Ultimately, Stumpf’s dogged opposition to the practice of FGM proved as dangerous to herself as the Kikuyu women she championed. In her book, Blakeslee, who oversaw the Girls’ Home at Kijabe, describes the growing tensions between the Kijabe mission and Kikuyu tribal leaders over the autumn months of 1929. On the morning of January 3, a mission staff worker found Stumpf’s lifeless body in her house, where she lived alone some 130 yards from the Kijabe mission main building. The resulting investigation revealed that a window had been broken during the night, and an intruder had asphyxiated and sexually assaulted the 62-year-old missionary. Originally reported as rape, the medical examination concluded that Stumpf had been the victim of an attempted circumcision. The outcry was instant and far-reaching. Stumpf’s murder was reported in publications like the New York Times and Time magazine, and an investigation was launched by the colonial government in Kenya.

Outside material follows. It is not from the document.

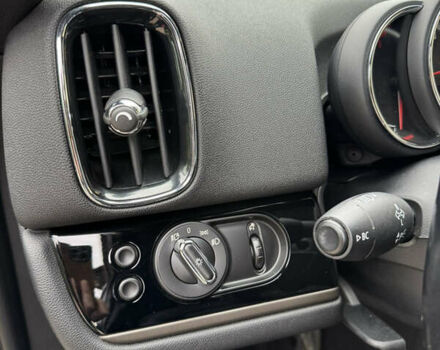 Мини Кантримен 2019 в Черновцах на Automoto.ua Серый Мини Кантримен, объемом двигателя 2 л и пробегом 107 тыс. км за 23900 $, фото 37 на Automoto.ua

Hulda Stumpf was buried in in Kenya two days after her murder, but the controversy surrounding her death did not subside for months. Although one suspect, a native man named M’Kamba, was eventually arrested and brought to trial, he was not convicted on account of flimsy circumstantial evidence. No other suspects were ever identified.
Stumpf’s death was officially reported in the February issue of Inland Africa, but the publication omitted any details about the brutality of her murder or the possibility of genital mutilation. Instead, the article focused on her “long life of arduous service in the Congo and in Kenya” and “her sterling worth as a missionary.” In Beyond the Kikuyu Curtain, Blakeslee highlights Stumpf’s strong opposition to the practice of female genital mutilation as the probable motive behind her murder but is likewise silent about the sexual assault against her friend and colleague.
More details about Hulda Stumpf’s life and missionary service in Kijabe, Kenya can be found in her correspondence files in the records of the U.S. Home Council of Africa Inland Mission. The collection also contains the records of the Kijabe Mission Station where Stumpf served from 1907-1930, and the personnel and correspondence files of her friend and missionary colleagues.